The first attempt to steal Egypt’s revolution…

The realpolitik apparatus around the world may be about to line up behind Omar Suleiman as successor to Hosni Mubarak. Suleiman, former foreign intelligence chief, is credited with shattering an Islamist terror network – using tactics still spoken of in whispers. He is highly educated in a variety of pretty tough schools, including the Soviet military academy in Frunze. He is also – and this is the important bit – an acceptable candidate to the military and security apparatus in Egypt, and a man who sees eye to eye with the US on Israel-Palestine and a variety of related issues. He is being touted as a logical successor and one who can hold the line against the Muslim Brotherhood and Islamism inside Egypt, a comforting idea to many in the Pentagon and the State Department.

He’s not really a democrat, though. In fact, he was seen two years ago as a possible successor to Mubarak because he was hard enough to continue the same policies, making it comfortable for Egypt’s strategic partners – basically, us. So as I said in my earlier post, this is the classic opportunity for the US and EU to sell a democratic movement down the river in the hope of securing our lines of supply. There will be much chatter about ‘stability’ in the region – by which is meant political and social lockdown so long as the oil continues to flow. The contention is and has always been that it’s better to have a strongman – like Saddam Hussein, for example, or Hosni Mubarak himself – than a weak democratic government or, worse yet, an unfavourable government elected in free and fair elections.

It’s a bad idea for so many reasonsChalmers Johnson, alas now dead, wrote extensively about the phenomenon of blowback, which is essentially endemic in our lives today. William Blum has detailed the interventions and upsets which have resulted from this position since WWII in his book, Killing Hope.
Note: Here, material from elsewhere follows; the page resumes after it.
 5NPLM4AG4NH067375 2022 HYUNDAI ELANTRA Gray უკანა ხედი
But that doesn’t mean it won’t be pushed hard and represented as our only sensible course. Watch for talking heads telling us we’re far better off with Egypt under the thumb of a powerful leader than Egypt free.

The Book Of Revolution

28/01/11

“The Book Of Revolution is not written, it is sung.”

Alexis Madrigal at The Atlantic has a translation of what appears to be the manual of the Egyptian protestors – except that, if they’re following this text, they’re not engaging in civil disobedience, they’re attempting – or believe they are attempting – the full monty.
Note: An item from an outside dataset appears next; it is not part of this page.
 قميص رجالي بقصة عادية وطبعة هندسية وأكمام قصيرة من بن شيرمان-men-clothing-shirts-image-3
Briefly – because that manual is too fascinating to mess around talking about it and analysing it too much right now – that is a professional document. It is written by someone with some form in civil disobedience. It is cautious of communications media – the new dictat of technologically asymmetrical rebellion is that you abandon more advanced comms for more secure ones. A lot of thought has gone into it. There’s always one, wherever you are; announce you’re having a demo, and it turns out the mild little bloke who makes the tea is a union rep.
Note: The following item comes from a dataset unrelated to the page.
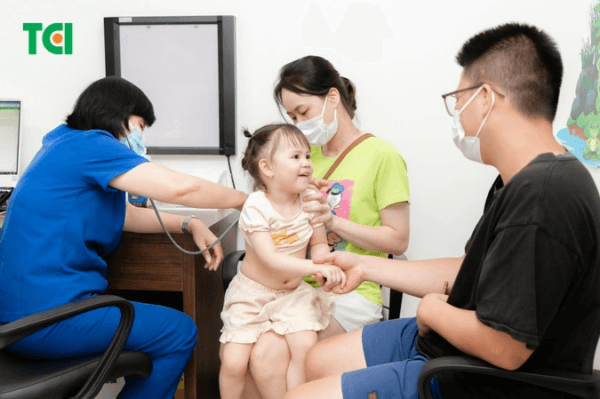 Nhiều trẻ nhìn khỏe mạnh nhưng vẫn thiếu chất - 1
The document makes no mention of religion, but it does strike the basic chords I mentioned in my earlier post – it talks about freedom, justice, and peace, and it mentions the exploitation of Egypt’s resources in the context of those things. In other words, it may not be directly taken from 1917, but it wouldn’t look out of place there, either.

The question is what will happen to this action plan out in the world. At the Poll Tax riots here in the UK in the 80s, I saw three disparate strands of rhetoric become one at the lowest common denominator. The South Africa House Picket was about the ‘fascist South African Embassy’; the Anarchists were screaming that the police were the ‘Guardians of the fascist ruling class’; and the Socialist Worker people were talking about the ‘fascist Poll Tax disenfranchising the working man’ and the representatives of the government were – again – the police. That wasn’t half so loaded nor so lethal a situation as what’s happening in Egypt, but you know the outcome: South Africa House was set on fire, and the police were suddenly in a fight they weren’t really prepared for.

The five hundred devils of revolution – personal greed, personal fear, political expediency, cock-up, itchy trigger fingers, old scores and vengeance, opportunism, fundamentalism both religious and secular, overcaution, overextension, betrayal from without, and misunderstanding, to name just a few – will be out in force if this really does become the moment Egypt enters a new era.

I realise I sound like a doom-monger. I’m not. I believe this can be a moment of positive change. But only if those inside hold the line, and the governments of the world around behave with an eye to the long haul and the world we want, not the world we fear. Since 1989, we have missed any number of moments where a little hope and a little courage from our governments might have achieved amazing things. We missed, for example, the moment when Russia could have become truly democratic.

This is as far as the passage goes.